[Extracted records]
Start of Block

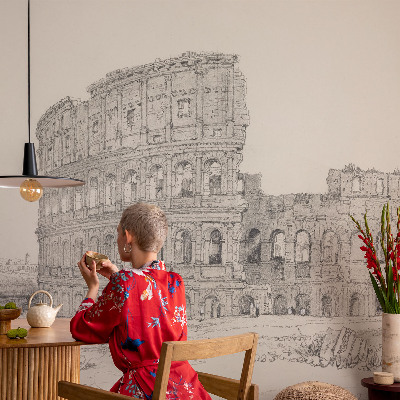 Fototapeta na zeď Starověké ruiny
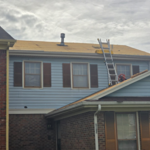 Roofing replace & decking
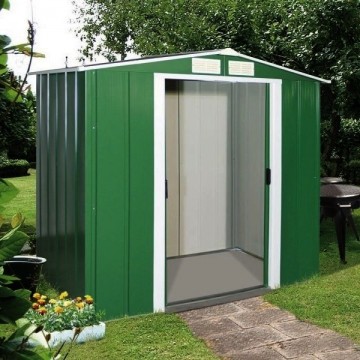 Abri de jardin 8x8
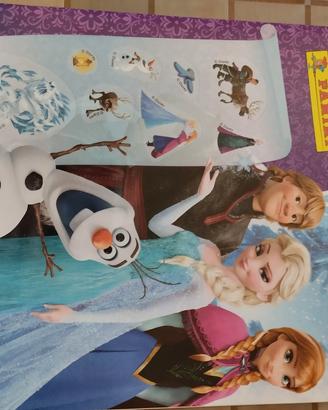 album panini Disney Frozen 2015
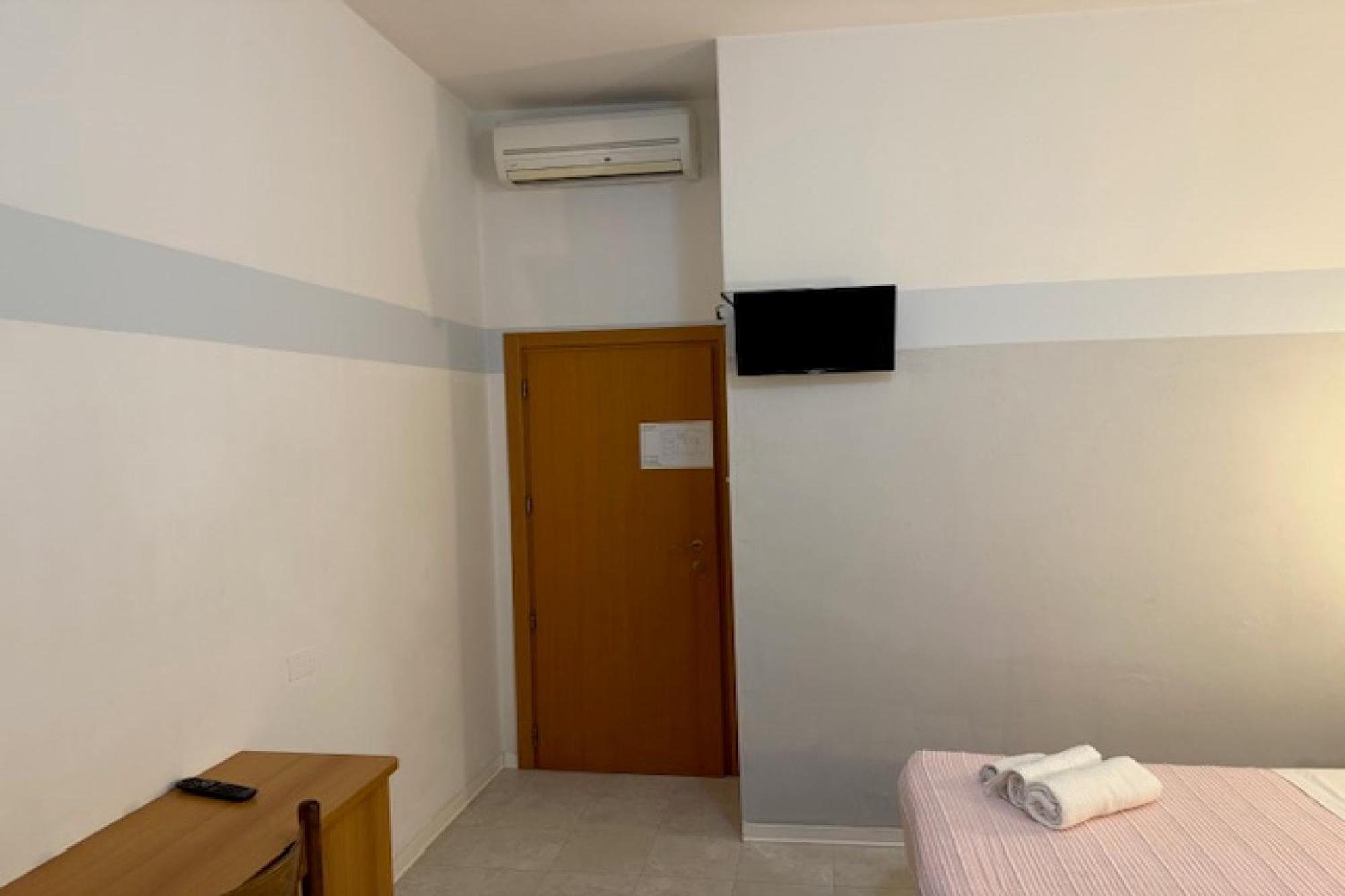 Hotel Nives Rimini Eksteriør bilde
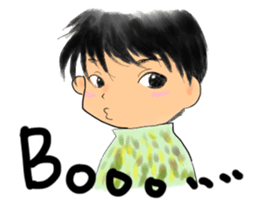 Reaction Boys  (English Ver) sticker #6782597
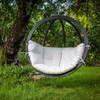zalati Hammock Spring Hardened Galvanized Steel Extension Heavy Duty Springs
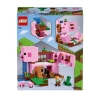LEGO Minecraft - La Casa-Cerdo + 8 años - 21170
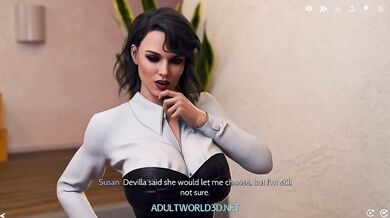 Boss MILF Susan Asks Alexis for Help at Home Then Pulls Him Into a Very Private Sex Toys Fuck & Creampie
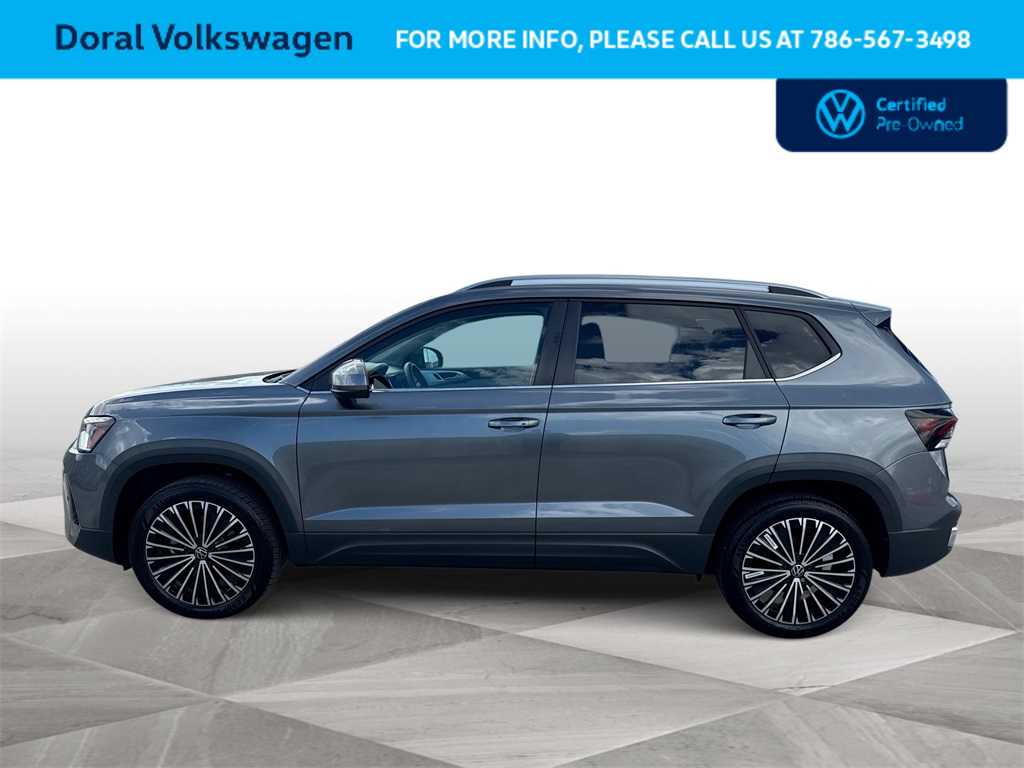 Thumbnail: 2025 Volkswagen Taos - 5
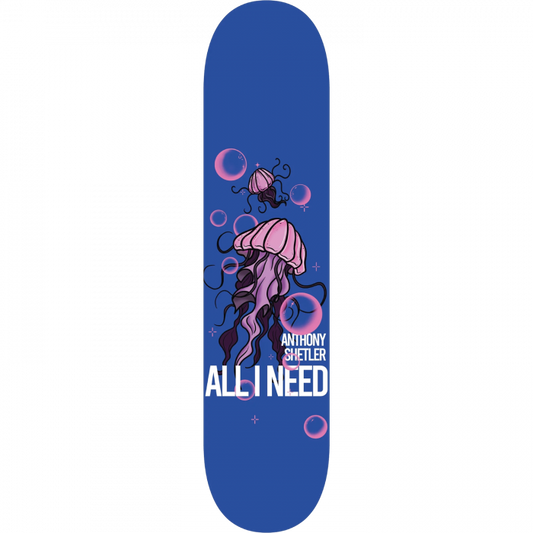 AIN SHETLER JELLYFISH DECK-8.25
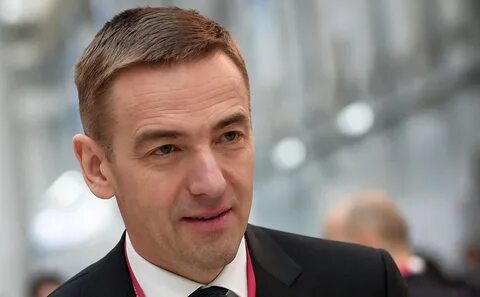 Замглавы минпромторга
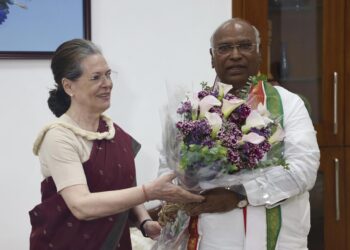 Challenges aplenty for Congress president-elect Mallikarjun Kharge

End of Block

**Goal of the exercise**
All of the data above needs to be retyped exactly, with the pictures removed.

**Result for this exercise**
 Fototapeta na zeď Starověké ruiny
 Roofing replace & decking
 Abri de jardin 8x8
 album panini Disney Frozen 2015
 Hotel Nives Rimini Eksteriør bilde
 Reaction Boys  (English Ver) sticker #6782597
zalati Hammock Spring Hardened Galvanized Steel Extension Heavy Duty Springs
LEGO Minecraft - La Casa-Cerdo + 8 años - 21170
 Boss MILF Susan Asks Alexis for Help at Home Then Pulls Him Into a Very Private Sex Toys Fuck & Creampie
 Thumbnail: 2025 Volkswagen Taos - 5
 AIN SHETLER JELLYFISH DECK-8.25
 Замглавы минпромторга
 Challenges aplenty for Congress president-elect Mallikarjun Kharge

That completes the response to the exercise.